长链剖分
例题:
P5903 【模板】树上 k 级祖先
题目描述
思路
长链剖分模板题。
长链剖分:
- 计算 \(f[i][j]\) 表示 \(i\) 的 \(2^j\) 级祖先;
- 计算 \(up[i][j]\) 表示 \(i\) 的 \(j\) 级祖先;
- 计算 \(down[i][j]\) 表示在长链上从 \(i\) 向下走 \(j\) 步到达的祖先。

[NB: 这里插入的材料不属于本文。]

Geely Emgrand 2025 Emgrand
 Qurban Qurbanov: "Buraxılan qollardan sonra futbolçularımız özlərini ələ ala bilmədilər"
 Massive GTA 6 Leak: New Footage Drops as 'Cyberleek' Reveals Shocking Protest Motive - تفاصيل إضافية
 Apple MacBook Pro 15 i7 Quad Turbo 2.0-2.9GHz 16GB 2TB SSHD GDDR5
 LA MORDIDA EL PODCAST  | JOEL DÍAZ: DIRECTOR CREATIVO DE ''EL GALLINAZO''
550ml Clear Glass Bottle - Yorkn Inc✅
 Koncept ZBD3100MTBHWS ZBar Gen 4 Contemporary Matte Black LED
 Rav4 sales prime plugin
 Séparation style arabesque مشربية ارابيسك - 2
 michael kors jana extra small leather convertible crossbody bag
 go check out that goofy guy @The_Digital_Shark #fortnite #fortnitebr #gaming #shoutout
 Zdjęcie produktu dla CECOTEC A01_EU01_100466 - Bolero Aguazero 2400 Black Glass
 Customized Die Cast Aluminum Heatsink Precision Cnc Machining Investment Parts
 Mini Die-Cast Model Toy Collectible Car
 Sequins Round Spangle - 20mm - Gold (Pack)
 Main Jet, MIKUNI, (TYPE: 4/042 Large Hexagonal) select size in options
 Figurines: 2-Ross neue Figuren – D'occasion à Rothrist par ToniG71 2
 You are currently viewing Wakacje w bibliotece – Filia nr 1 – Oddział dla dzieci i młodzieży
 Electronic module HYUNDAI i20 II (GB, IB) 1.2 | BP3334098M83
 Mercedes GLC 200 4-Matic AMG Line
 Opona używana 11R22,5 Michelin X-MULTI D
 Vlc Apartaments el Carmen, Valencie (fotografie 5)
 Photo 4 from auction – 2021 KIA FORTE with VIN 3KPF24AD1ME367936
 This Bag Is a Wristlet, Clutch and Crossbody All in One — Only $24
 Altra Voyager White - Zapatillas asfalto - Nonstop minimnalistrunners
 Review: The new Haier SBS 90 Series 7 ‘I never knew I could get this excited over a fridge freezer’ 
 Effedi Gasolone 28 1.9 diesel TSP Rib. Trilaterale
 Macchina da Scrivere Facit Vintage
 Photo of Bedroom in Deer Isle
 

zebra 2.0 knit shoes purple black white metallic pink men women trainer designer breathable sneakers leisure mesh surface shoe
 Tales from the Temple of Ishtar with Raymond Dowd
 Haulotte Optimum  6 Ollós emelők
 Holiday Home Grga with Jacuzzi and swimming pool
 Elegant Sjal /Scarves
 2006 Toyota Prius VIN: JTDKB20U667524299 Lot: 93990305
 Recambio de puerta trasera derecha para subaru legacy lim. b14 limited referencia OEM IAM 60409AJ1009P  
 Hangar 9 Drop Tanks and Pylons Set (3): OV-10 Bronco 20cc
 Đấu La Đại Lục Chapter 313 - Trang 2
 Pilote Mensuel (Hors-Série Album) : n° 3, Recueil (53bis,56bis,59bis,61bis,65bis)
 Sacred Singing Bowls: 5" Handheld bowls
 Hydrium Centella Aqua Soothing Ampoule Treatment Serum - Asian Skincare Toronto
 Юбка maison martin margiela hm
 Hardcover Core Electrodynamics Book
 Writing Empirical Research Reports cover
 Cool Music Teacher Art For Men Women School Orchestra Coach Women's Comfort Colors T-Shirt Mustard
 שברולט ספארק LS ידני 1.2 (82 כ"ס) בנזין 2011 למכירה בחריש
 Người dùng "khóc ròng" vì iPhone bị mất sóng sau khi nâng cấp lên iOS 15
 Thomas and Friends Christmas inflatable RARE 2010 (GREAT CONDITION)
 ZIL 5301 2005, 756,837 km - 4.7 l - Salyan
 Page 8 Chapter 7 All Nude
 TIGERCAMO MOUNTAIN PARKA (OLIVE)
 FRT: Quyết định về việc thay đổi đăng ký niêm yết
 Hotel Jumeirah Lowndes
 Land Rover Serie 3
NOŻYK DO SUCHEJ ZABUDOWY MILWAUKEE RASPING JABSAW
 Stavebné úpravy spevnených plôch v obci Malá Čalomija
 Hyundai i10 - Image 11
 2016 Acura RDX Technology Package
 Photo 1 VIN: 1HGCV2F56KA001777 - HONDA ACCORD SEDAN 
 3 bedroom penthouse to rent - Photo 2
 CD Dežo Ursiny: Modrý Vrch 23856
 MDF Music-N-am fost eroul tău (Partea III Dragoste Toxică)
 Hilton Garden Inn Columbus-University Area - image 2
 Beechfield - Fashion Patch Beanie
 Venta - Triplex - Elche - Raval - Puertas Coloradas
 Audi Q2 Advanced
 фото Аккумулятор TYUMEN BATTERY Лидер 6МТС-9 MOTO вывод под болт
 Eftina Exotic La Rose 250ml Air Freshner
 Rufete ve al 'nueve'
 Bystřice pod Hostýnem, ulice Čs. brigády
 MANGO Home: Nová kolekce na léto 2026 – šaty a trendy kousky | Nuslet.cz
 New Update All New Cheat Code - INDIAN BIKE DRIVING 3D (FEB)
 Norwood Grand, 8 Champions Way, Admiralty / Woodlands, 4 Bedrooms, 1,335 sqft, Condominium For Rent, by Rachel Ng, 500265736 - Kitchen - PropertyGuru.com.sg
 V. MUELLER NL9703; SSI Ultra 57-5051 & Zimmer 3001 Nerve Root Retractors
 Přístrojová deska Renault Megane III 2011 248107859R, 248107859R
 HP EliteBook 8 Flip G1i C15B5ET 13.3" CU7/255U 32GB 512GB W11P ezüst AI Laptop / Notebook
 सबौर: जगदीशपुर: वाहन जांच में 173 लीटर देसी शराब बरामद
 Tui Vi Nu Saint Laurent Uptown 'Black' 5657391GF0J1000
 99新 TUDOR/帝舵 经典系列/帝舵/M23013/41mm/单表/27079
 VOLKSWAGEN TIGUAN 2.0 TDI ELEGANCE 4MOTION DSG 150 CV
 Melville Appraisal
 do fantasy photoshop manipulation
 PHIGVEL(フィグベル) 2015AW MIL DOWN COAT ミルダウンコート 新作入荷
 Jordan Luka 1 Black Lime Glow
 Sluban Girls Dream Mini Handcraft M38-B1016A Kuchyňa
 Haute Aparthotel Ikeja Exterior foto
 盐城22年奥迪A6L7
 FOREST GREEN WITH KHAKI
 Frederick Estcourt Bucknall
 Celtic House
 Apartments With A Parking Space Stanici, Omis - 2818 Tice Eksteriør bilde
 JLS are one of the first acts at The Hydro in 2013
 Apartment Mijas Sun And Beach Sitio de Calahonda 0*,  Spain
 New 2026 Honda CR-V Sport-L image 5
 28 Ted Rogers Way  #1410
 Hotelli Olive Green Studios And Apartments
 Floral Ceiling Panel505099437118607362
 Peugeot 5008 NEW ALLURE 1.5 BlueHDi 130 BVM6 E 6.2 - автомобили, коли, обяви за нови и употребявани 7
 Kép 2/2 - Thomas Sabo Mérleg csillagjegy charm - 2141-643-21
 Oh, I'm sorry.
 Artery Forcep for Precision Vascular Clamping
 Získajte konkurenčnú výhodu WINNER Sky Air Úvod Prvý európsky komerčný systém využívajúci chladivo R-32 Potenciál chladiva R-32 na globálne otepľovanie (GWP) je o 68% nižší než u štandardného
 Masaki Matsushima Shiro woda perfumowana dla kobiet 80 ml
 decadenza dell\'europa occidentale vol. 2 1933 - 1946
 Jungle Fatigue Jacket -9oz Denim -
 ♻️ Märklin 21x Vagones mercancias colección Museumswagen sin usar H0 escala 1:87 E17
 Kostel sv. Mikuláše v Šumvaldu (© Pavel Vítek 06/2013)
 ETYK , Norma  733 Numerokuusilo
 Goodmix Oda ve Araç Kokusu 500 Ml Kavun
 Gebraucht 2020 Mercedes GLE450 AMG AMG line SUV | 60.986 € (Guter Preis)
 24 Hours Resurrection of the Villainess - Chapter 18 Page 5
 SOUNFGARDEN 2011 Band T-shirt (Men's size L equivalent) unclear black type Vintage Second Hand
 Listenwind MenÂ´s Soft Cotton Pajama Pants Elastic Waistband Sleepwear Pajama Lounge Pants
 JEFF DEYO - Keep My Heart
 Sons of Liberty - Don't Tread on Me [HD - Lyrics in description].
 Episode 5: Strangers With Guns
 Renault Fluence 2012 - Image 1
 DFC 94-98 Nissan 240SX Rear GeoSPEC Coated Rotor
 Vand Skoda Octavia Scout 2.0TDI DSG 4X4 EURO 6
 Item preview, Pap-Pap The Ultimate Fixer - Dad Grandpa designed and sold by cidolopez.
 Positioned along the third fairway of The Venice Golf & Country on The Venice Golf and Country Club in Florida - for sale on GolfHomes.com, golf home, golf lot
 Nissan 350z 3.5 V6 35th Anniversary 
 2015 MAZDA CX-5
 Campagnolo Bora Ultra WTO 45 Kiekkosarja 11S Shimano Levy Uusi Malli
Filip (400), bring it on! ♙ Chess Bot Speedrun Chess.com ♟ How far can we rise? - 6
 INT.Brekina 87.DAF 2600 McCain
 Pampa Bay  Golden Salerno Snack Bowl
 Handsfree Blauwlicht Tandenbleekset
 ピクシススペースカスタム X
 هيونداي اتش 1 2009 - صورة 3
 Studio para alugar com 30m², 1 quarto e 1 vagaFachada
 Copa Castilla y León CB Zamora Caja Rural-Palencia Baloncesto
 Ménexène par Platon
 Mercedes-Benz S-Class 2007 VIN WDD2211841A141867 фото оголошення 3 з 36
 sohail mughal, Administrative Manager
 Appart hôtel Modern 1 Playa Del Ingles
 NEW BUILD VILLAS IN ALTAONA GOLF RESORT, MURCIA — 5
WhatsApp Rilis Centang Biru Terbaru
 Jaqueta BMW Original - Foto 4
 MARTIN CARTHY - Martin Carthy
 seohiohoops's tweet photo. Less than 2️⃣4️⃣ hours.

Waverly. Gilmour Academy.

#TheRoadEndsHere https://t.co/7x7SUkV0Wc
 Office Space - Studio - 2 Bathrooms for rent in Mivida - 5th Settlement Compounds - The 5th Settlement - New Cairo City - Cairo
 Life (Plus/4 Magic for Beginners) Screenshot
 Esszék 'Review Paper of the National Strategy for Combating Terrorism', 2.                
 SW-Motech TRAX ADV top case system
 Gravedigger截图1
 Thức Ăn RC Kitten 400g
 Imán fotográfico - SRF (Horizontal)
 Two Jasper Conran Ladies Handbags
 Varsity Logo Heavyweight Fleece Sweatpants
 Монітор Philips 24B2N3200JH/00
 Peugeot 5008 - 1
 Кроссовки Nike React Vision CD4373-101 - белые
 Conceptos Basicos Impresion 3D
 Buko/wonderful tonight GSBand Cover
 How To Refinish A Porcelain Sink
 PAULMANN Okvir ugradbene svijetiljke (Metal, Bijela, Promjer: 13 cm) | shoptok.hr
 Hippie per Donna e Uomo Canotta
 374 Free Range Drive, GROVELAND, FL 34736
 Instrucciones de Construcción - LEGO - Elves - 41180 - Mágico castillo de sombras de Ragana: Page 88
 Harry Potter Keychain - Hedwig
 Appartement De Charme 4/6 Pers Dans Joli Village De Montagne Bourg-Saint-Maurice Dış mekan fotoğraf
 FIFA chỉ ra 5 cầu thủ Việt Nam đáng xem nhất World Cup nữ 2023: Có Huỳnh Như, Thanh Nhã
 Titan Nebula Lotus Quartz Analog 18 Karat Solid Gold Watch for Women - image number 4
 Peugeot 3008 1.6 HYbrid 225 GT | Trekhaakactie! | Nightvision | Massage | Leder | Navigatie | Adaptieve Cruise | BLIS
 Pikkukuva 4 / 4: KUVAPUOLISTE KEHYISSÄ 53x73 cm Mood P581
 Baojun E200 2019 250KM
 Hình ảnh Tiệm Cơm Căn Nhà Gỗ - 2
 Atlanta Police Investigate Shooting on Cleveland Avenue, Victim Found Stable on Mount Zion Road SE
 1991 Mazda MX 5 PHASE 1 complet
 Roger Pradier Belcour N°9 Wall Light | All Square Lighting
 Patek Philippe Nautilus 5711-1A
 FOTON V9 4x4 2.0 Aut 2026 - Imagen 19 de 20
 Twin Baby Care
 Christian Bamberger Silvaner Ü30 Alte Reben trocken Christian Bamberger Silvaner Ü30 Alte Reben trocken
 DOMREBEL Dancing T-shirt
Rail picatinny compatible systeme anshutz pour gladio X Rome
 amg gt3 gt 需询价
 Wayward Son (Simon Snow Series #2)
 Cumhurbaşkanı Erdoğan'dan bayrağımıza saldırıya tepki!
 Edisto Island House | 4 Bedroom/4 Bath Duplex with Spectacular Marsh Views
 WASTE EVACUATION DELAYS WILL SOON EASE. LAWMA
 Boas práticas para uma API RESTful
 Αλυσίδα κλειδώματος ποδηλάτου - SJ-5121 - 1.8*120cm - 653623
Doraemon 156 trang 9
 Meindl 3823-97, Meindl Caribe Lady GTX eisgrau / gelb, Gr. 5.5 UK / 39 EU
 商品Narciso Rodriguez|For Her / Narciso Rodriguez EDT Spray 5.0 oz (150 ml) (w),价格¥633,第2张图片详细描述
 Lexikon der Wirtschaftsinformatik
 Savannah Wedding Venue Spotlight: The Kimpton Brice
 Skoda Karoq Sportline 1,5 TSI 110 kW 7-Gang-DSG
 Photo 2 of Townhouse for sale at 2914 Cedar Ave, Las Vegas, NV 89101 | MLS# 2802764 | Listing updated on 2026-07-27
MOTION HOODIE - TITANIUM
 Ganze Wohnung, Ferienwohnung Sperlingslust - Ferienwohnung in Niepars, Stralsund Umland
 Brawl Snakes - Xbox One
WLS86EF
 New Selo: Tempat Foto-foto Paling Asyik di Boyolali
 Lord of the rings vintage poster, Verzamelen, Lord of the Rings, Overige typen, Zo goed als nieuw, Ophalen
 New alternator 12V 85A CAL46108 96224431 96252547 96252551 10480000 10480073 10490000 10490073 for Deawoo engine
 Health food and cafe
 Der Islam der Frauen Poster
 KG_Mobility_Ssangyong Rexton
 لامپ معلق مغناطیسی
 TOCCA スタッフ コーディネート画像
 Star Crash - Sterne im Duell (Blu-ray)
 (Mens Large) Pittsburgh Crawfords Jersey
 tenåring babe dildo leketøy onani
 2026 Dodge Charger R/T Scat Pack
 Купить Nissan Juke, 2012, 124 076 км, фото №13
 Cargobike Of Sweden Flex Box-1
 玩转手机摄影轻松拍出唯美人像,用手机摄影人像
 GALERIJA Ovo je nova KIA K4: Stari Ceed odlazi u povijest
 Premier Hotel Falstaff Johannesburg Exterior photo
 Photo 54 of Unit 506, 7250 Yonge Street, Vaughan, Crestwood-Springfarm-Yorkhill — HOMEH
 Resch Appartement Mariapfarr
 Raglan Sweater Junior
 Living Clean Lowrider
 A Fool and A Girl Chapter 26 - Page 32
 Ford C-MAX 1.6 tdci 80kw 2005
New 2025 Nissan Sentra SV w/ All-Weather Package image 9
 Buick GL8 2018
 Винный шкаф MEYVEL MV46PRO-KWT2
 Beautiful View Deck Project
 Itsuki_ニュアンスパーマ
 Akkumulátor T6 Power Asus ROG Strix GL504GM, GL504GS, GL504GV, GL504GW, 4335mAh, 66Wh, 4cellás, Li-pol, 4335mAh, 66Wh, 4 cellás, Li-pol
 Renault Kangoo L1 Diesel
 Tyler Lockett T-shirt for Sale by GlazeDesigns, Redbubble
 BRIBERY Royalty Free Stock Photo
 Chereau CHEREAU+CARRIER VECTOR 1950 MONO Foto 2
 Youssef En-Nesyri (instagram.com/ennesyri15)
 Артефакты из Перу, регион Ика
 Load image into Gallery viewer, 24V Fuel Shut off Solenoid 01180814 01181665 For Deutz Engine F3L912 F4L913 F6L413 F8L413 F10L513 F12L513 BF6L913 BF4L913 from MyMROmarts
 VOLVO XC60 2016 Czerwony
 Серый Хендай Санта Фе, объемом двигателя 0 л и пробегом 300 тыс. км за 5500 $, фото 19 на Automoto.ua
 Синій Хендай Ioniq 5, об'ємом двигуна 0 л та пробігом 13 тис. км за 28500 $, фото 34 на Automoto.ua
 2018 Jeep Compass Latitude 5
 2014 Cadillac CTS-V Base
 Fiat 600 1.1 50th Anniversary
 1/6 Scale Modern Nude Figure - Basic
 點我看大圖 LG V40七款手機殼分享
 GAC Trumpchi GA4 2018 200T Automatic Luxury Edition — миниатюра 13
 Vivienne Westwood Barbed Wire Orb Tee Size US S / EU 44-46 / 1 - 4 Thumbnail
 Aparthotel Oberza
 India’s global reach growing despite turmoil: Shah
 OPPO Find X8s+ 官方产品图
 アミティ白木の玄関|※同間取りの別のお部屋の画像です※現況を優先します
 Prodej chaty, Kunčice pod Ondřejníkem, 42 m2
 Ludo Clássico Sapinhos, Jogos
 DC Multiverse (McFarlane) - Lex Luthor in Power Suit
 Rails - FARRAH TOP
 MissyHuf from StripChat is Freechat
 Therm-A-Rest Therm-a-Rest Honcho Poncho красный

- 计算 \(i\) 的 \(k\) 级祖先,先让 \(i\) 跳到 \(2^\left\lfloor \log_2k \right\rfloor\) 级祖先,\(k\) 减去 \(2^\left\lfloor \log_2k \right\rfloor\),再让 \(i\) 跳到长链顶端,\(k\) 减去 \(dep[i] - dep[top[i]]\),最后如果 \(k \ge 0\),那么答案就是 \(up[i][k]\),否则 \(k < 0\),答案就是 \(down[i][-k]\)。
代码
// Problem: P5903
// Contest: Luogu
// URL: https://www.luogu.com.cn/problem/P5903
// Memory Limit: 500 MB
// Time Limit: 3000 ms
#include <bits/stdc++.h>
using namespace std;
using uint = unsigned int;
#define int long long
const int N = 500010, M = 20;
struct edge {
int to, next;
} e[N];
int head[N], idx;
void add(int u, int v) {
idx++;
e[idx].to = v;
e[idx].next = head[u];
head[u] = idx;
}
int n, q, s;
uint get_rand(uint x) {
x ^= x << 13;
x ^= x >> 17;
x ^= x << 5;
return s = x;
}
int rt;
int fa[N][M];
void initfa() {
for (int j = 1; j < M; j++) {
for (int i = 1; i <= n; i++) {
fa[i][j] = fa[fa[i][j - 1]][j - 1];
}
}
}
int dep[N], ds[N], son[N];
void dfs(int u) {
dep[u] = ds[u] = dep[fa[u][0]] + 1;
for (int i = head[u]; i; i = e[i].next) {
int to = e[i].to;
dfs(to);
if (ds[to] > ds[u]) {
ds[u] = ds[to];
son[u] = to;
}
}
}
vector<int> up[N];
vector<int> down[N];
int belong[N];
void init(int u, int p) {
belong[u] = p;
if (u == p) {
int tmp = u;
for (int i = 0; i <= ds[u] - dep[u]; i++) {
up[u].push_back(tmp);
tmp = fa[tmp][0];
}
tmp = u;
for (int i = 0; i <= ds[u] - dep[u]; i++) {
down[u].push_back(tmp);
tmp = son[tmp];
}
}
if (son[u]) init(son[u], p);
for (int i = head[u]; i; i = e[i].next) {
int to = e[i].to;
if (to == son[u]) continue;
init(to, to);
}
}
int query(int u, int k) {
if (!k) return u;
u = fa[u][__lg(k)];
k -= 1 << (__lg(k));
k -= dep[u] - dep[belong[u]];
u = belong[u];
if (k >= 0) return up[u][k];
else return down[u][-k];
}
signed main() {
ios::sync_with_stdio(false);
cin.tie(nullptr);
cin >> n >> q >> s;
for (int i = 1; i <= n; i++) {
cin >> fa[i][0];
if (!fa[i][0]) rt = i;
if (fa[i][0]) add(fa[i][0], i);
}
initfa();
dfs(rt);
init(rt, rt);
int ans = 0, res = 0;
int x, k;
for (int i = 1; i <= q; i++) {
x = ((get_rand(s) ^ ans) % n) + 1;
k = ((get_rand(s) ^ ans) % dep[x]);
ans = query(x, k);
res ^= (i * ans);
}
cout << res << '\n';
return 0;
}